Personal Finance

‘Consumerism, one of the best themes’

Lokeshwarri SK | Updated on August 26, 2018 Published on August 26, 2018

Consumer stocks have delivered fabulous returns to investors, says Sachin Shah

Selecting stocks for the long-term portfolio is not easy. Sachin Shah, Fund Manager, Emkay Investment Managers, shares details, in an e-mail interaction, on the stock selection filters that he has used to deliver healthy returns to his clients.

How does the E-QUAL risk strategy work? How do you select stocks in this strategy?

We like to own businesses with secular growth outlook. We believe that the Indian economy is about growth and the stock market respects growth the most.

From that perspective, we are on the lookout for businesses where we see secular growth for the next three to five years and, if possible, even beyond.

It is equally important that growth is quality-driven and sustainable (business is scalable and inherently profitable as measured by ROCE & ROE) and delivered by good management with execution capability and integrity.

Each of the above parameters can be evaluated objectively, but management quality could bring in subjectivity and, therefore, we have created a proprietary module called E-QUAL RISK (Emkay Qualitative Risk analysis), where we evaluate managements on multiple parameters to make the exercise an objective one.

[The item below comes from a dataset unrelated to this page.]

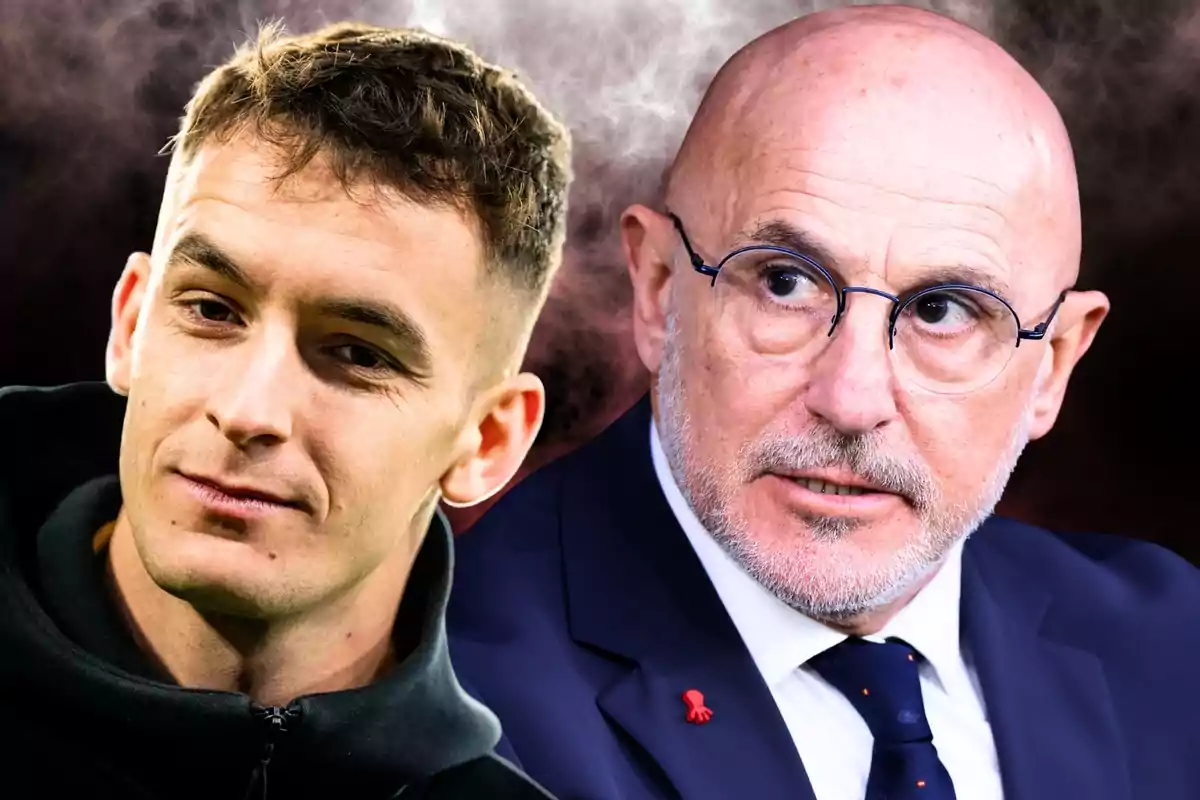 Dos hombres en primer plano con expresiones serias y fondo oscuro con humo Dos hombres en primer plano con expresiones serias y fondo oscuro con humo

We have broken down the management quality into five sub-heads — management integrity, management capability, wealth distribution to minority shareholders, information to shareholders and liquidity.

Each of the sub-heads is broken down into further parameters with weights assigned to each of them to arrive at an overall holistic view on the management quality.

The score we get from each of the companies helps us create a matrix to define the relative management strength of each of the companies which, in turn, is also used to plot our risk-reward matrix and then reverse calculate from the target price.

Basically, E-QUAL Risk helps us determine the purchase price (margin of safety) for various companies we like.

Can you share some details about the contours of your portfolio management scheme, the charges, minimum subscription, returns, etc?

Being a SEBI-registered portfolio manager at Emkay PMS, the minimum subscription amount is as per the guidance of the SEBI norm of ₹25 lakh. In terms of management fee, we have various options ranging from fixed fee alone, a combination of lower fixed fee and performance fee, to performance fee alone (no fixed fee). In the last five years, we have delivered nearly 20 per cent CAGR returns for most of our investors.

With fund managers chasing few high-growth stocks, do you think it’s a good idea to chase stocks that have become too rich in valuations as a result?

We are extremely disciplined about our purchase price; we like to own stocks for a longer period of time and, from that perspective, it is even more critical that we avoid buying stocks at high valuations, as minor de-rating of PE multiples in those stocks can destruct significant amount of capital.

Has the correction in mid- and small-cap stocks created value in some sectors? Which are the sectors that appear attractive?

The BSE mid-cap and small-cap indices are nearly down by 15-20 per cent in H1CY18. The fall in headline indices is far more sober in comparison to many individual stocks. On bottoms-up approach, quite a few stocks are doing well in their businesses.

The next few quarters of volatility in equity markets provide an ideal opportunity for long-term investors to enter the segments at a favourable risk-reward valuation. Some of the stocks that we like belong to sectors like CRAMS (contract research and manufacturing services), travel and tourism, rural auto and private sector NBFCs.

Will the consumption theme continue to deliver in Indian markets? What are the drivers here?

Consumerism is one of the best themes for India investing. In the last few years, consumer stocks have delivered fabulous returns to investors. The consumer-facing businesses will continue to do well as India’s demographic profile and growing economy support a huge demand growth.

The only care that needs to be taken is the price being paid to buy the consumer stocks; the fact that these stocks have delivered high returns in the last five to seven years have made them now trading at high PE multiples.

Therefore, selecting stocks with very high moats and waiting to buy them at reasonable valuations will be essential to generate double-digit returns over the next five to 10 years.

What is the return that an investor can expect from Indian stocks over the long term — say, five to 10 years?

Compounding is the eighth wonder of the world, said Einstein. To make that magic work, one should remain invested for 10 years and one can realistically expect 12-15 per cent CAGR returns (3x-4x in 10 years) just by investing in indices.